Today marked a new beginning for millions around the world, including the citizens of the BVI. Even though President Obama is not of our government, his spirit and message will be felt here and as far away as Africa and Iceland. In his inauguration speech, he pledged that ‘On this day, we gather because we have chosen hope over fear, unity of purpose over conflict and discord. On this day, we come to proclaim an end to the petty grievances and false promises, the recriminations and worn out dogmas, that for far too long have strangled our politics.’
People around the world relate to Obama’s themes. A world made weary by war, recession, joblessness, and fear celebrated with him. At the United Nations complex overlooking the Danube River in Vienna, Austria, someone wrote ‘YES, WE CAN!’ in giant block letters in the snow.
An Irish village called Moneygall covered itself in red, white and blue bunting Tuesday in honor of Obama’s ancestry, a great-great-great grandfather named Fulmouth Kearney who emigrated to the United States in 1850.
In Kenya, birthplace of Pres. Obama’s father, feasts were prepared, beer with Obama’s name on it brewed, and movie screens erected so neighbors could join together for the moment.
‘Obama fever is all over the whole world, ‘ said Cyndee Peters, an Afridan-American singer who grew up in North Carolina and New York, and now lives in Sweden. ‘I was congratulated by I don’t know how many Swedes after the election. I think what he stands for needs to be celebrated. ‘No one is doing their favorite songs or greatest hits. We’re doing songs about hope.’

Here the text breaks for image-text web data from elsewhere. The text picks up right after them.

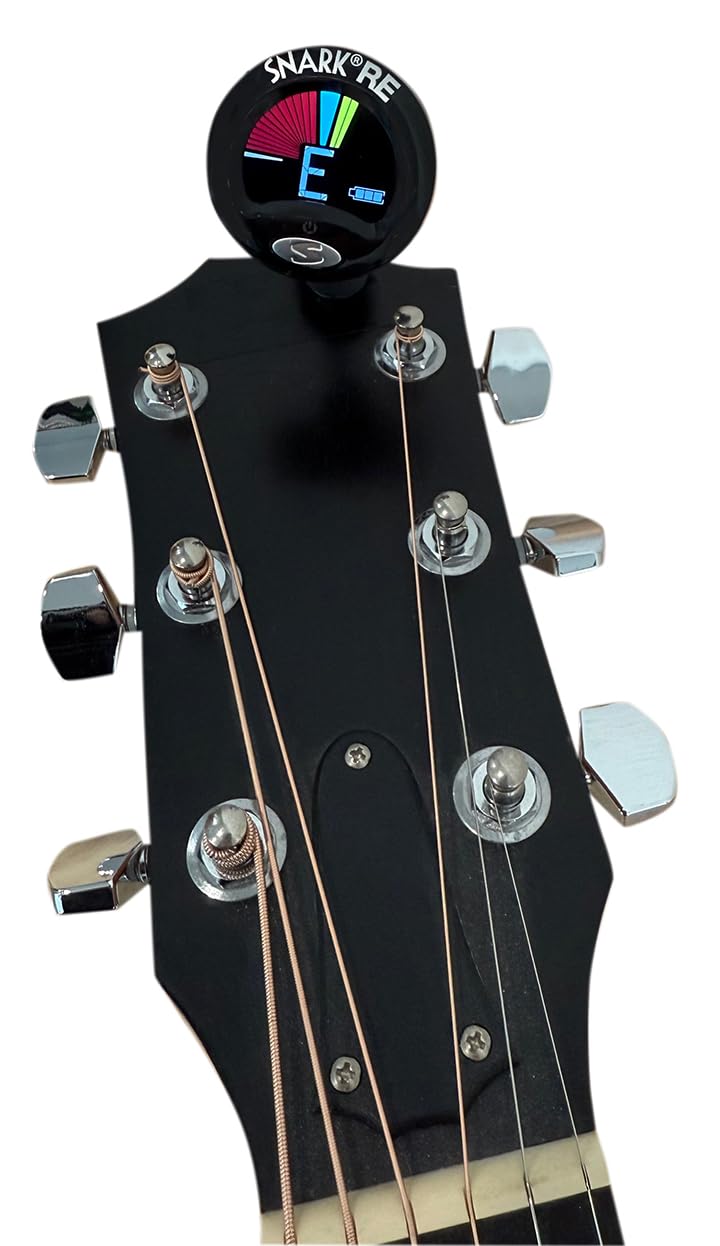 SNARK SN5X mounted on guitar headstock showing vibration sensing and on-stage convenience
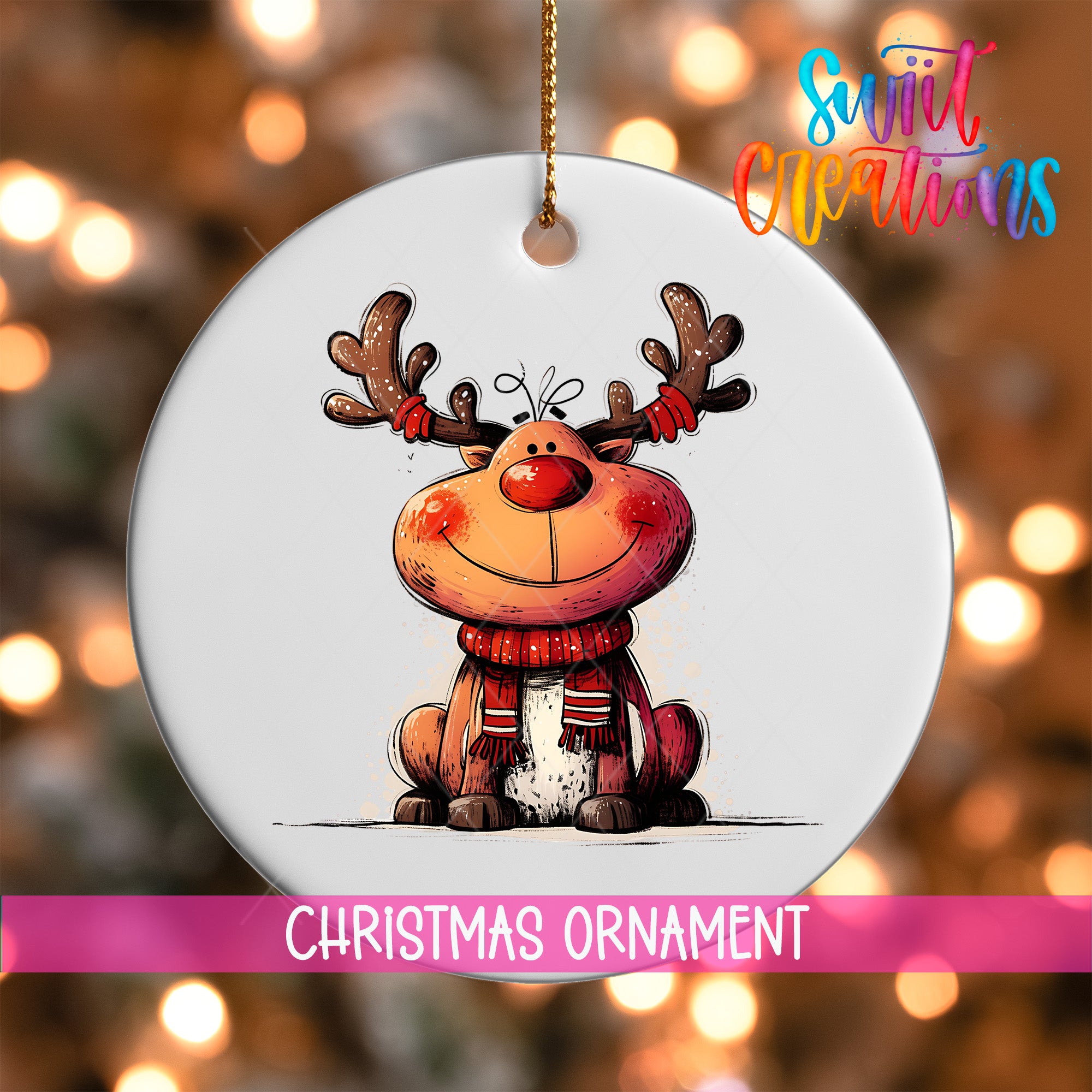 A white Christmas ornament featuring a smiling reindeer with antlers, set against a blurred background with colorful lights.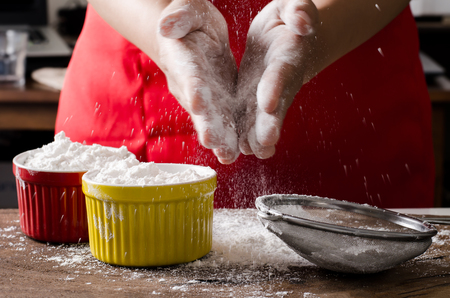 Sifting wheat flour into the bowl,food ingredient,prepare for cooking or bakingの写真素材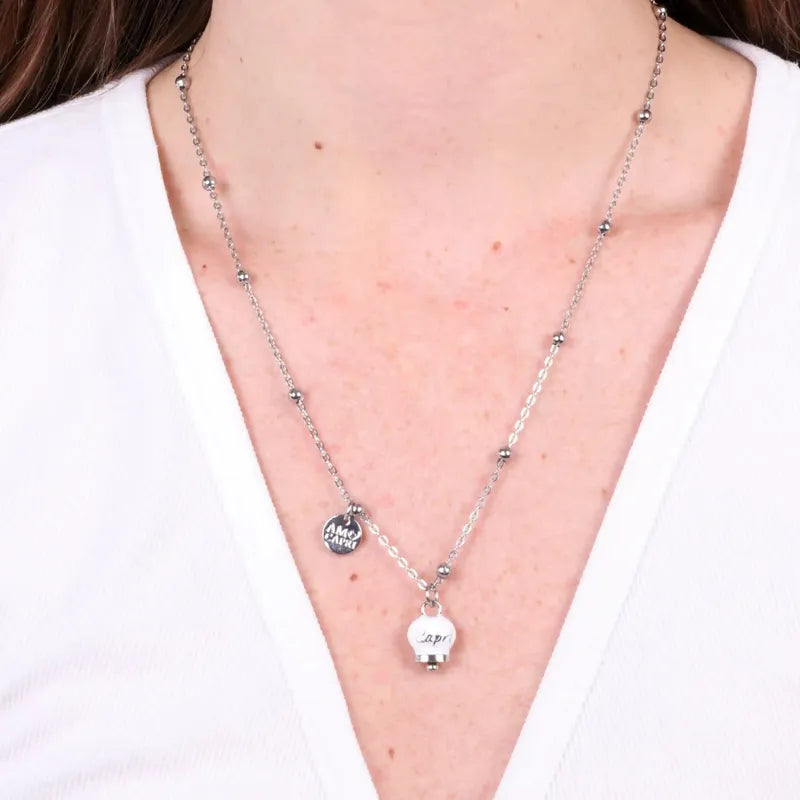 Collana in Acciaio con campanella  pendente bianca con scritta Capri - BYSIMON gioielli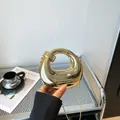 Glossy gold hollow circular evening clutch bag with chain strap and mirror finish metal - Spiral Circular Style (6153) / Gold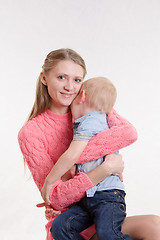 Image showing Joyful mother calms her son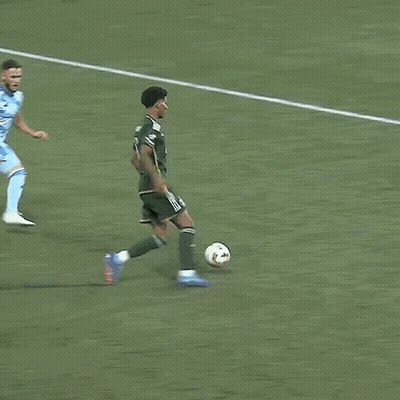 A Soccer Player With The Number 1 On His Jersey Kicks The Ball GIF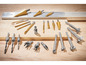Un assortiment de forets, y compris des forets coniques et des forets à bois, sur une table en bois.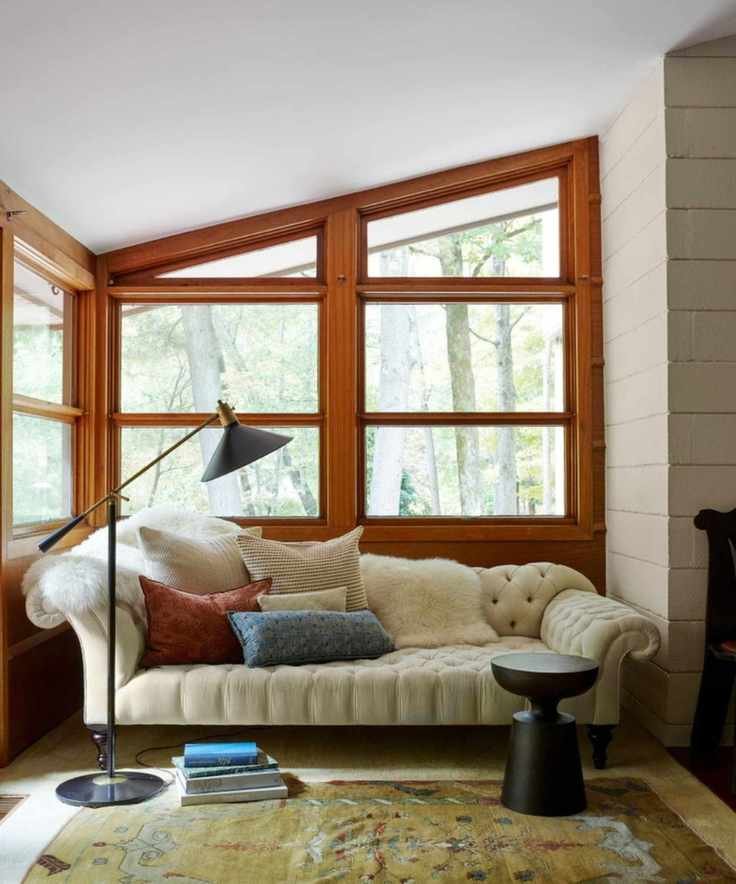 Midcentury living room with wood windows, cream sofa and midcentury floor lamp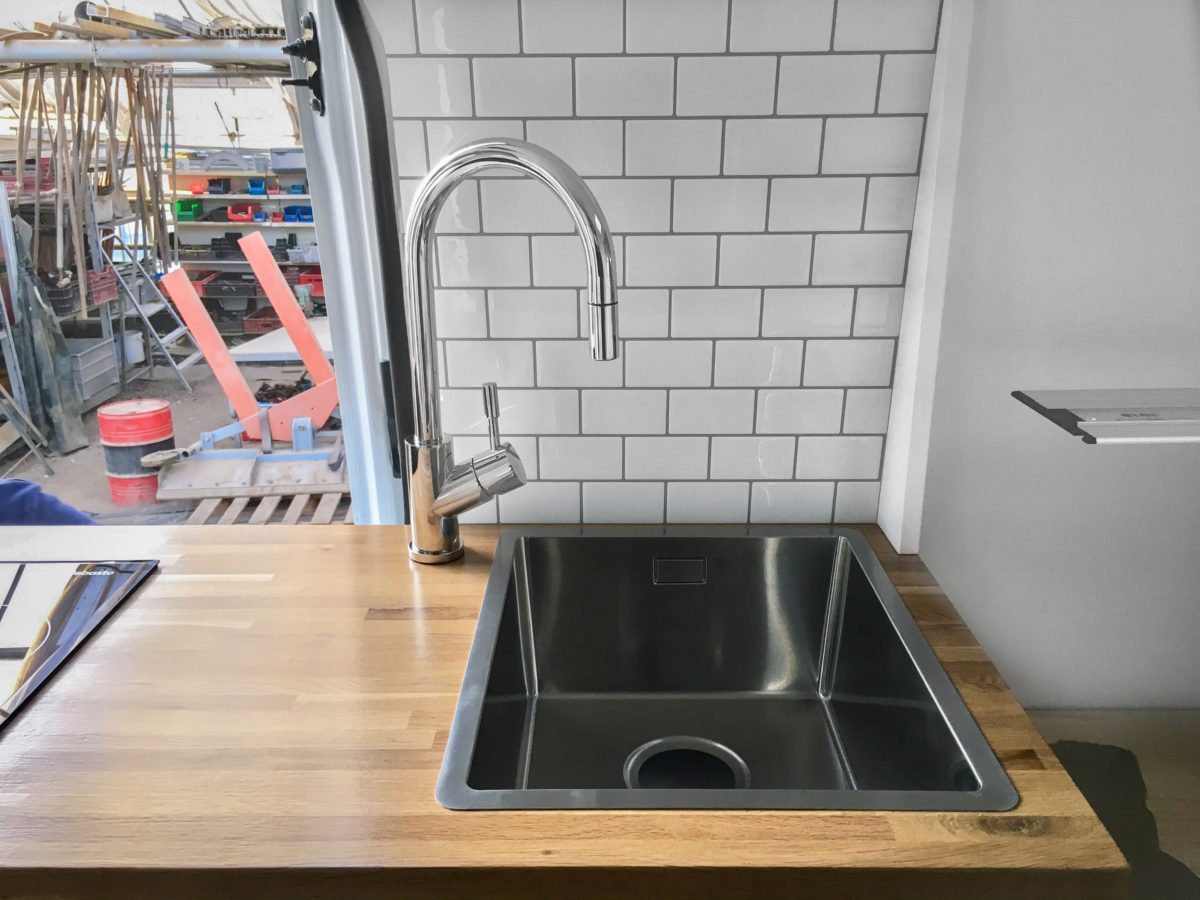 Sink and faucet in Camper kitchen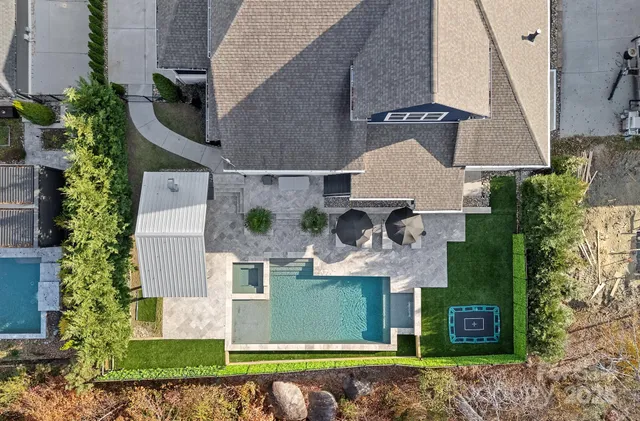 an aerial view of a house with a yard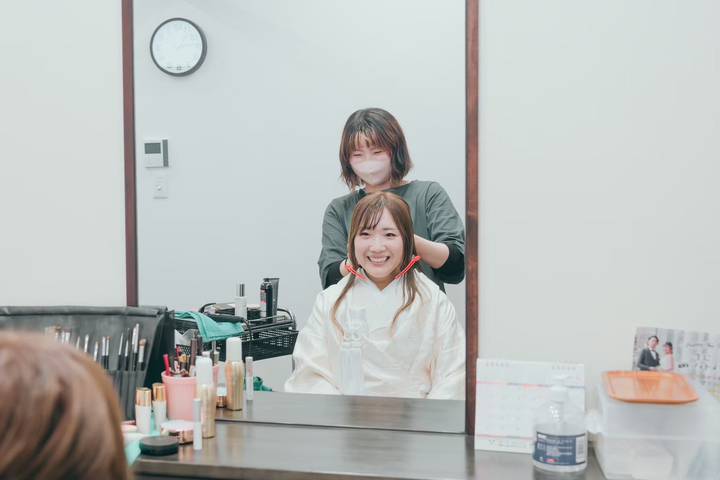 サロンの鏡越しに白無垢の花嫁のヘアをセットするスタッフ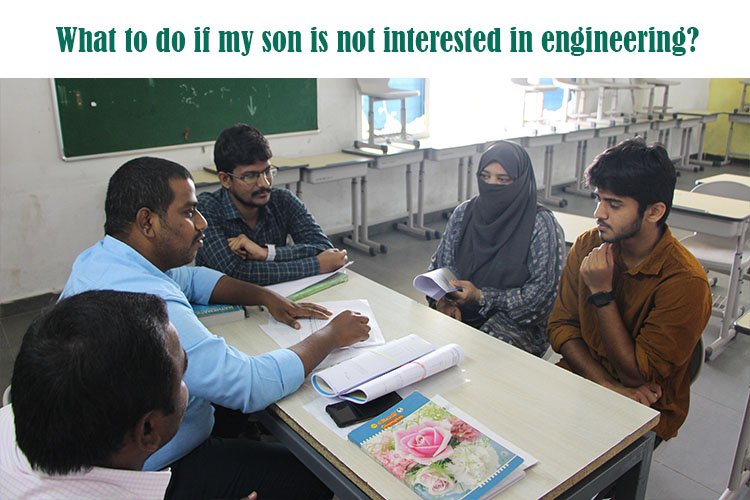 A group of people sitting at a table discussing about their son engineering career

He has been praised for a trait unusual in politicians – an unwavering message: a heartfelt call to service, to help each other. He said today, ‘At this moment – a moment that will define a generation – it is precisely this spirit (of service) that must inhabit us all.’ So we wish him well, and hope the countries of the world will work together to realize his visions of honesty, tolerance, and the brotherhood of all peoples.